The amount of composite present in the composition is typically between from about 15 ppm to about 100,000 ppm depending upon the severity of the scale deposition. When the carrier fluid is brine, the weight percentage of the composite in the composition is generally between from about 0.02 to about 2 weight percent.

The composition may further contain between from 0 to about 10 weight percent of an inorganic salt. Suitable inorganic salts include KCl, NaCl, and NH4Cl.

The composite may also be compressed into a shaped article and the shaped article may be placed into the well, tubular, conduit, etc. The shaped article may be in the form of a sphere, cylinder, rod or any other shape which allows for the slow release of the well treatment agent into the targeted area. In a preferred embodiment, the shaped articles are shaped pellets. The specific gravity of the shaped articles is generally between from about 1.1 to about 3. In a preferred embodiment, the specific gravity of the shaped articles is between from about 2 to about 2.5.

Use of shaped articles renders unnecessary the use of burdensome mechanical tools and procedures. While the shaped compressed articles may be used to treat any type of well that requires chemical treatment, they have particular applicability in the treatment of production wells where traditional mechanical means such as wire lines or coil tubing have been unable to reach. For instance, the shaped articles may be introduced directly into production tubing by being dropped directly into the well head or may be placed in a receptacle and lowered into the well.

When introduced into production tubing within the well, the shape and specific gravity of the shaped articles causes the particulates to flow past obstructions and through well deviations such that the articles may be placed at or in close proximity to the targeted area where treatment is desired. Continuous release of the well treatment agent with the production fluid further protects the tubular and the surface equipment from unwanted deposits which may otherwise be formed. Production from the well is thereby improved.
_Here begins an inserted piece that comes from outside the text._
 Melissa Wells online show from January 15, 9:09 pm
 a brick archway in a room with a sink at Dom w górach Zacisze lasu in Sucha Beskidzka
When formed to resemble hockey pucks, the shaped articles may be placed into a receptacle and suspended at distant locations within the well. When the well treatment agent is depleted within the receptacle, the receptacle may then be pulled to the surface and reloaded with additional pellets. In a preferred embodiment, where the shaped article is to be directly dropped into the well from the well head, the article is preferably spherical and is formed into a ball-like sphere having a diameter between from about ½ inch to about 3 inches, more preferably from about ¾ inch to about 2½ inches, most preferably approximately 1¾ inch. Such spheres resemble spherical balls.

The shaped particulates may be produced by procedures known in the art. Typically the shaped particulates are formed by combining the composite and, optional, weighting agent, with a binder and then compressing the mixture in a mold of the desired shape or extruding the mixture into its desired shape.

Exemplary of the process for making the shaped particulates is to combine the composite, prepared in accordance with the teachings set forth in U.S. Pat. No. 7,493,955 or 7,494,711, with an organic binder and then compressing the mixture at a temperature between from about 20° C. to about 50° C. at a pressure of from between 50 to about 5000 psi. The hardened particulates may then be screened to the desired size and shape. In another preferred embodiment, the shaped composites are produced by a continuous extrusion at a temperature between from about 400° C. to about and 800° C.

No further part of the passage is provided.